Keywords: [ Ethics and Safety ] [ Privacy-preserving Statistics and Machine Learning ]

[
Abstract
]

Abstract:
We revisit the well-studied problem of differentially private empirical risk minimization (ERM). We show that for unconstrained convex generalized linear models (GLMs), one can obtain an excess empirical risk of $\tilde O\left(\sqrt{\rank}/\epsilon n\right)$, where $\rank$ is the rank of the feature matrix in the GLM problem, $n$ is the number of data samples, and $\epsilon$ is the privacy parameter. This bound is attained via differentially private gradient descent (DP-GD).
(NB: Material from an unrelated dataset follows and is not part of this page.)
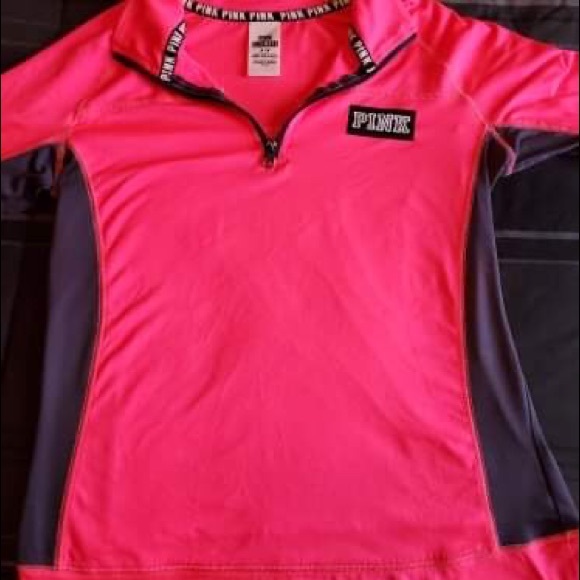 VS Pink Ultimate - 1/4 Zip Hot Pink Pullover - M - Picture 4 of 7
Furthermore, via the \emph{first lower bound for unconstrained private ERM}, we show that our upper bound is tight. In sharp contrast to the constrained ERM setting, there is no dependence on the dimensionality of the ambient model space ($p$). (Notice that $\rank\leq \min\{n, p\}$.)
Besides, we obtain an analogous excess population risk bound which depends on $\rank$ instead of $p$.
For the smooth non-convex GLM setting (i.e., where the objective function is non-convex but preserves the GLM structure), we further show that DP-GD attains a dimension-independent convergence of $\tilde O\left(\sqrt{\rank}/\epsilon n\right)$ to a first-order-stationary-point of the underlying objective.
Finally, we show that for convex GLMs, a variant of DP-GD commonly used in practice (which involves clipping the individual gradients) also exhibits the same dimension-independent convergence to the minimum of a well-defined objective. To that end, we provide a structural lemma that characterizes the effect of clipping on the optimization profile of DP-GD.